Tenho as maiores dúvidas de que exista um ambiente favorável para fazer uma discussão, que seria muito importante, sobre as condições de organização ao nível multilateral dos processos de reestruturação de dívida pública dos países em vias de desenvolvimento. Infelizmente, não temos recebido sinais muito encorajadores. O debate na Europa sobre a dívida pública, no âmbito da crise financeira, contamina esse debate, com muita gente a confundir questões que são historicamente muito distintas. Mas creio que aprendemos todos com o caso da Argentina: que a ausência de um quadro de regulação multilateral da reestruturação da dívida pública é muito negativo. Seria muito importante que a comunidade internacional pudesse fazer um avanço significativo nesse domínio, mas não me parece que isso possa acontecer em Adis Abeba.

 

O relatório do PE defende que 50% da APD seja canalizada para os países menos desenvolvidos, desviando fundos que antes era transferidos para os países de rendimento médio, agora também chamados de economias emergentes. Mas dois terços dos pobres do mundo – número que tem vindo a diminuir, mas cuja cifra ainda está perto dos mil milhões de pessoas - vivem nesses países, como por exemplo a Índia. O que espera em termos de convergência de posições com os países do chamado bloco BRICS (Brasil, Rússia, Índia, China, África do Sul)?

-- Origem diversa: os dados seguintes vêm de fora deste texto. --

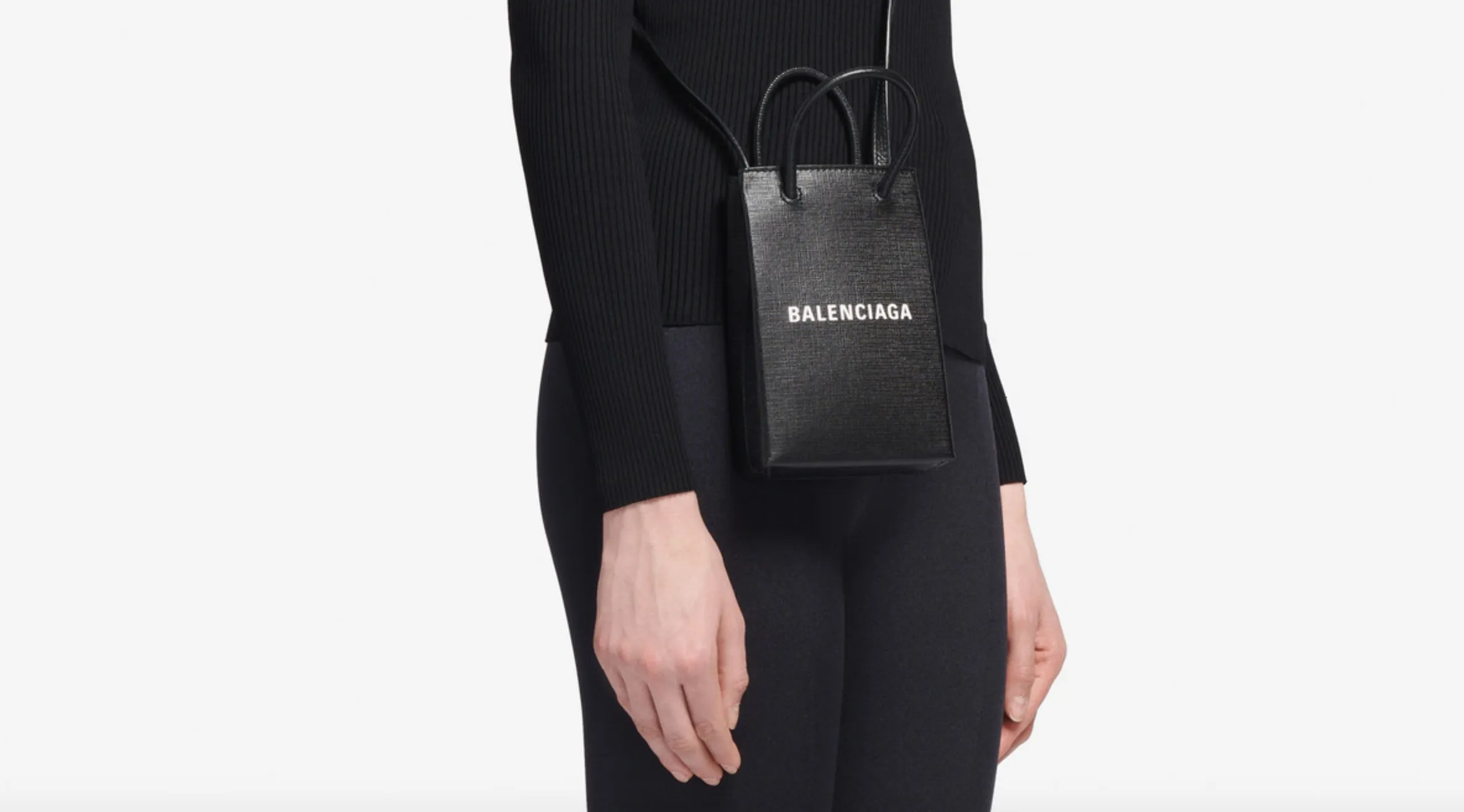 Balenciaga выпустила сумочку для смартфона. Стоит как последний iPhone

A distribuição dos esforços em relação ao financiamento do desenvolvimento não se pode colocar hoje nos mesmos termos em que se colocava na primeira conferência, em Monterrey (2002) porque muita coisa mudou. A afirmação de economias emergentes mostra que algumas delas têm possibilidades de responderem de forma mais consistente aos problemas do desenvolvimento, e que devem assumir esse propósito nos seus objetivos de política pública. Nesta Conferência de Adis Abeba fazemos um apelo a uma convergência de esforços mais alargada ao nível da comunidade internacional, que não passa apenas pelos maiores doadores.  Já os países menos desenvolvidos precisam da APD de forma incontornável, porque não têm alternativas. Se não assegurarmos que uma fatia expressiva da APD vai para os países que realmente mais precisam, esses países ficam sem o mínimo para fazerem face aos objetivos de desenvolvimento. É uma questão de prioridades e temos de dar a esses países uma atenção especial.

 

O que faria desta Conferência um sucesso?

O sucesso significa compromissos concretos. E isso não é apenas um número, um valor sobre quanto se vai gastar em cooperação para o desenvolvimento, nem mesmo a meta dos 0,7% de APD. Esse é um número conhecido, velho. O sucesso é associar esse valor a um calendário para que seja realizado e a um instrumento de monitorização da sua efetiva implementação.